Она улыбнулась:
— Почему вы не разрешаете мне оставить ребенка? Я выращу вашего сына, честное слово. Сама.
— Оля, ну, пожалуйста, — не будем об этом!..
Тут у него за спиной открылась дверь кабинета, Яблонская вышла и сказала Оле:
— Пошли со мной, детка.
И, не ожидая Олю, пошла по коридору. Рубинчик и Оля встали, двинулись за ней, но она повернулась, сухо сказала Рубинчику:
— Иосиф, вы останьтесь.
Он отпустил Олины руки, и Оля шагнула за Яблонской, но тут же остановилась, сняла с руки два тонких серебряных браслета, отдала Рубинчику и пошла за врачом своей чуть утиной походкой. Но через несколько шагов оглянулась. В ее больших серо-зеленых глазах не было страха перед операцией, а только — сомнение, вопрос.
Так ребенок, уходя в кабинет доктора, оглядывается на отца.
Рубинчик слабо улыбнулся ей, а когда она ушла, сел на стул, откинул голову к стене и, сжимая в руке Олины браслеты, закрыл глаза.
«Боже мой! — крикнул он мысленно. — Зачем все это? За что?…»
Какой-то странный гул и храмовый звон возник у него в голове. Словно этот аборт был последней тяжестью, надавившей на него и выдавливающей его в какое-то новое состояние, в другое пространство, куда он не успел попасть тогда, в Киеве. Он схватил себя руками ниже затылка, за шею, пытаясь промассировать вены и снять скачок кровяного давления, но это был тщетный, бесполезный жест — он вдруг прошел, проник, проломился сквозь какую-то незримую и бесплотную стену тьмы и света, гула и звона и оказался в странно разряженном пространстве, под непривычно высоким и чистым небом, зелено-голубым и прозрачным до звона. Словно, протаранив в горящем скафандре плотную атмосферу незнакомой планеты, он высадился на нее в беззвучном парашютном прыжке.

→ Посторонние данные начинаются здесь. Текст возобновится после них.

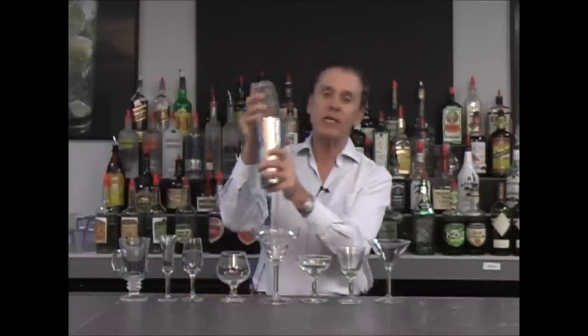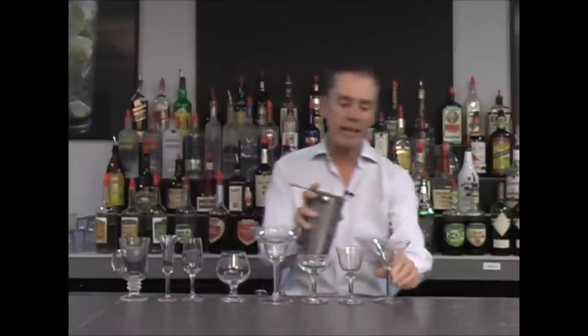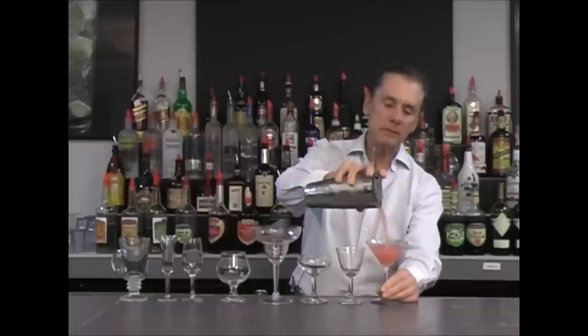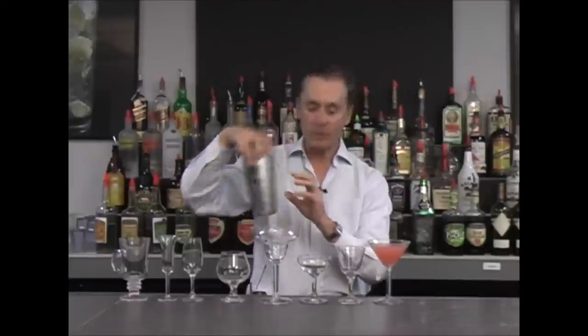All these glasses have stems on them, and the reason why is that none of these glasses will use ice in the cocktail. The cocktail that goes into these glasses is usually pre-mixed and shaken in one of our shakers. By shaking the drink I am chilling all of the ingredients, then I strain the cocktail into the glass. As you can see there is no ice in the glass — all the chilling takes place in our mixing cup with our ice and ingredients.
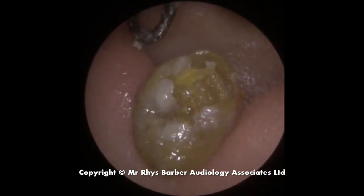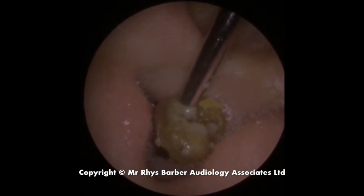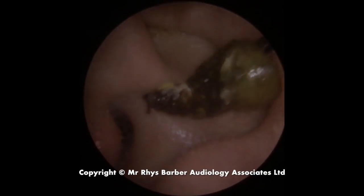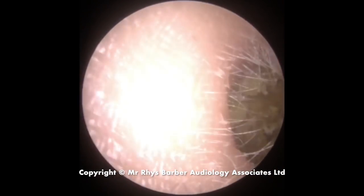It stayed in one piece. I'm just going to pick that up with the suction there to get it out of the canal. You can see two different colors — newer and older wax — and there's the eardrum looking nice and healthy.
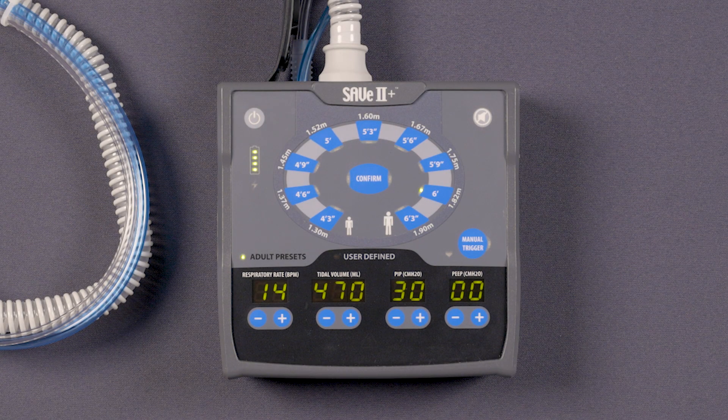In this video, we will review how to use the SAVE 2 Plus Simplified Automated Ventilator in manual or CPR mode. Setting the ventilator to manual or CPR mode allows the operator to perform CPR on an adult at pace with compressions. First,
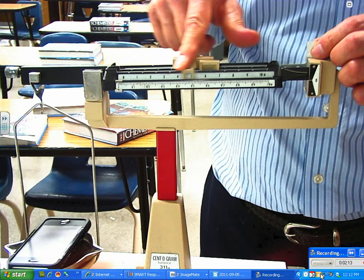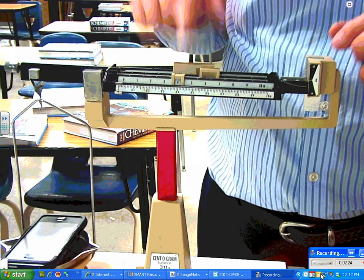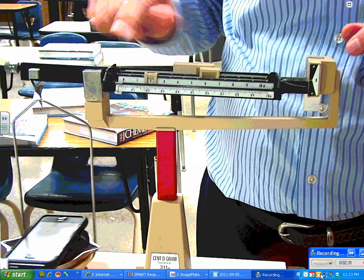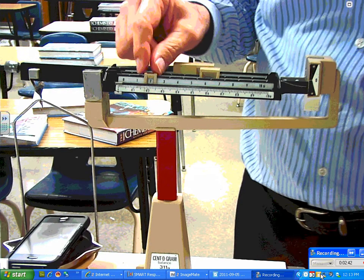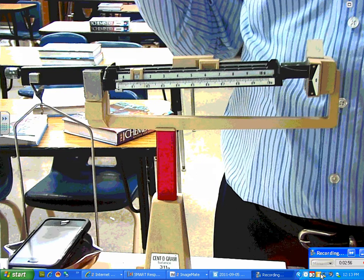I'm going to go to my third slider. This registers one gram for each notch. I move it right to the center — to five — click it in place. It goes down, so I need to take weight off by going to four, then three, two, one. At one it goes up. Since two was too much, I move it back to one, and now I know it's between one and two.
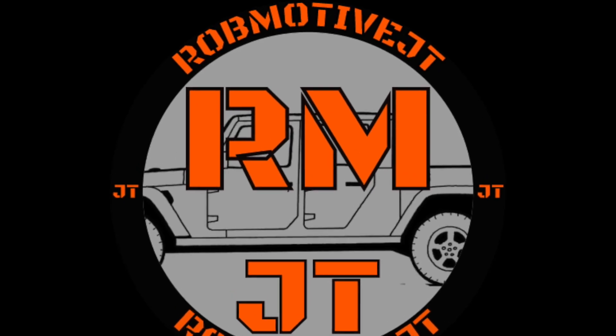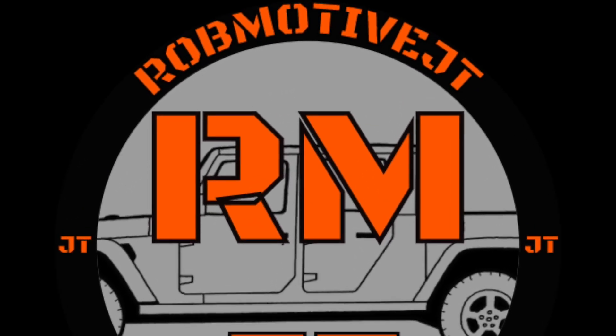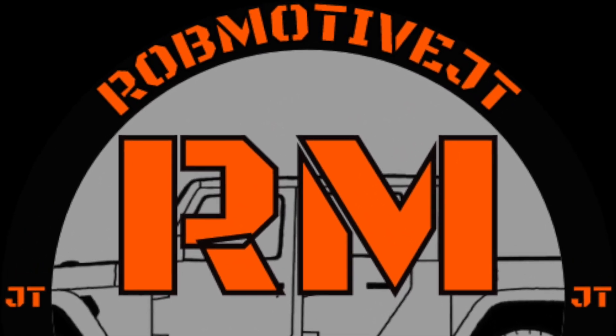One thing that really makes me mad about the Jeep Gladiator. Good afternoon everybody and welcome back to Rob Motive JT. There is one thing — one big thing — that makes me really mad about the Jeep Gladiator. I'll give you a little bit of history.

…Гигантская степь с высоким сухим ковылем лежала перед ним. В этой степи походным порядком двигалось бесчисленное войско: далеко впереди шли авангардные кавалерийские отряды в тяжелых кованых латах, с острыми копьями и яркими цветными боевыми знаменами. За ними — пешие воины с горящими светильниками и огромным, сияющим под солнцем золоченым щитом. Затем, в большом просвете меж этими воинами и всей остальной колонной, на белом коне, покрытом золотой парчой, ехал невысокий всадник не старше сорока лет, в голубом плаще с золотым подбоем, с лобастым лицом под сияющим шлемом и с красивой ухоженной бородкой. Рубинчик узнал его сразу, мгновенно, словно знал всю жизнь. Это был Иосиф Тогармский, сын Аарона и Царь Хазарии. Позади него во главе с хакан-беком двигалась конница: тысячи воинов, построенные правильным походным строем и разбитые на сотни. А дальше, за ними, до горизонта, сколько видит глаз, — бесчисленное пешее войско, верблюжьи обозы, табуны свежих ездовых лошадей и гурты овец и баранов для пропитания этого войска.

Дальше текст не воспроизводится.